Field Notes: ‘We are a Rock ‘n Roll couple.’

Stacy and Garrett Enloe met over rock n roll. They grew up in St. Louis and attended local schools. They went to rock concerts eventually meeting and bonding over heavy metal bands like Manowar and Judas Priest. One of their favorite venues was the club Mississippi Nights.

The venue was located on Laclede’s Landing and for over 30 plus years hosted everything from jazz to folk, metal to blues.
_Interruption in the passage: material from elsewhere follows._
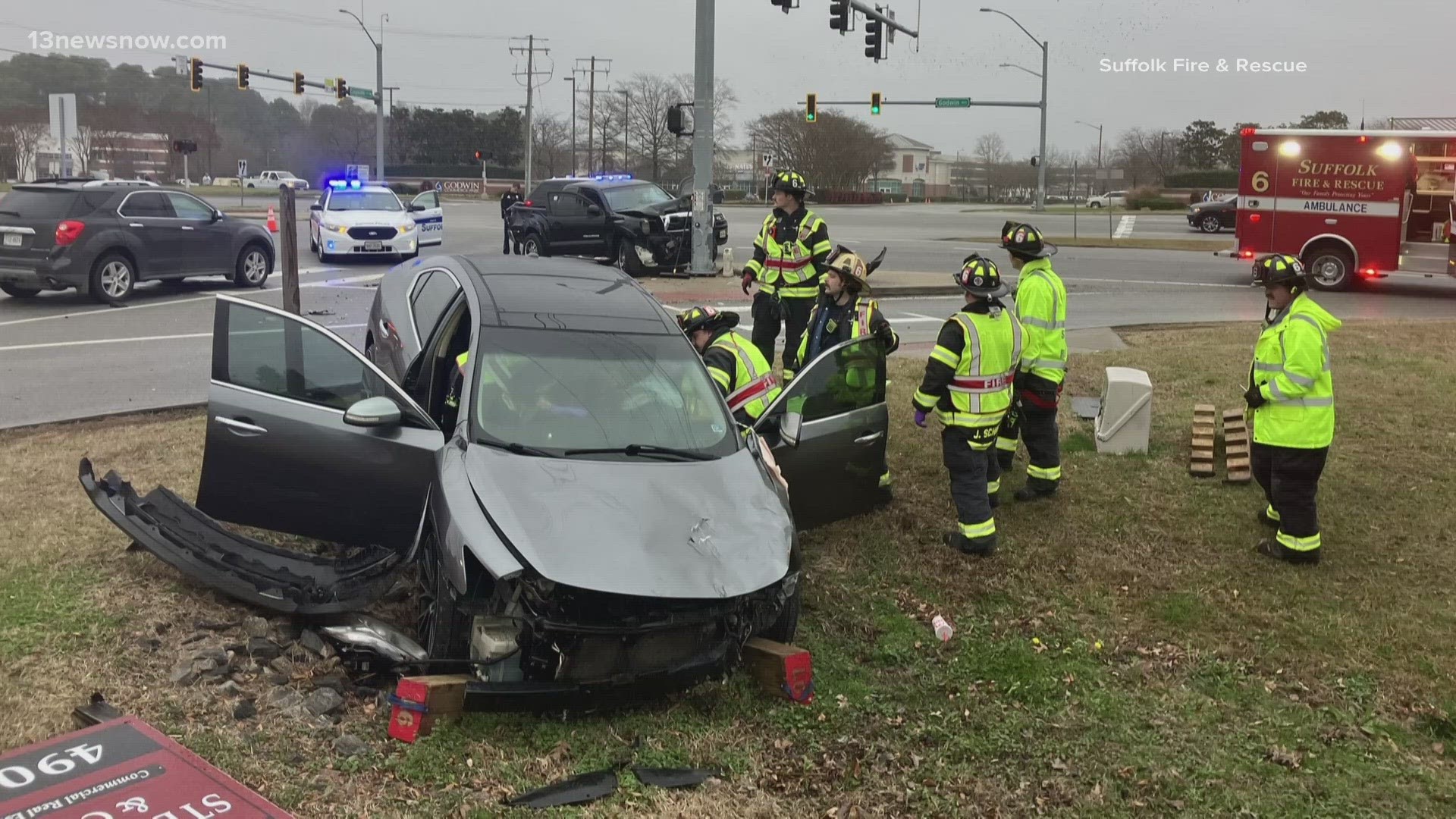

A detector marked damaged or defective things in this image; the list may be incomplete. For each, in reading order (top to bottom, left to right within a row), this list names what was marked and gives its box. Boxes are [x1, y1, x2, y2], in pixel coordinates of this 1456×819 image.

deployed airbag [80, 458, 403, 610]
severely damaged gray car [85, 256, 892, 710]
broken car panel [88, 255, 898, 704]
I remember venturing from my suburban home to the riverfront bar to see folk duo the Indigo Girls, reggae groovers the Roots Radics and political rocker Bruce Cockburn.

In 2007, the club was forced to close and the building demolished for a planned future development.

After a few years of grieving, the couple – by day, he works for UPS and she is a stay-at-home mom – decided to write a book chronicling the place that was Mississippi Nights.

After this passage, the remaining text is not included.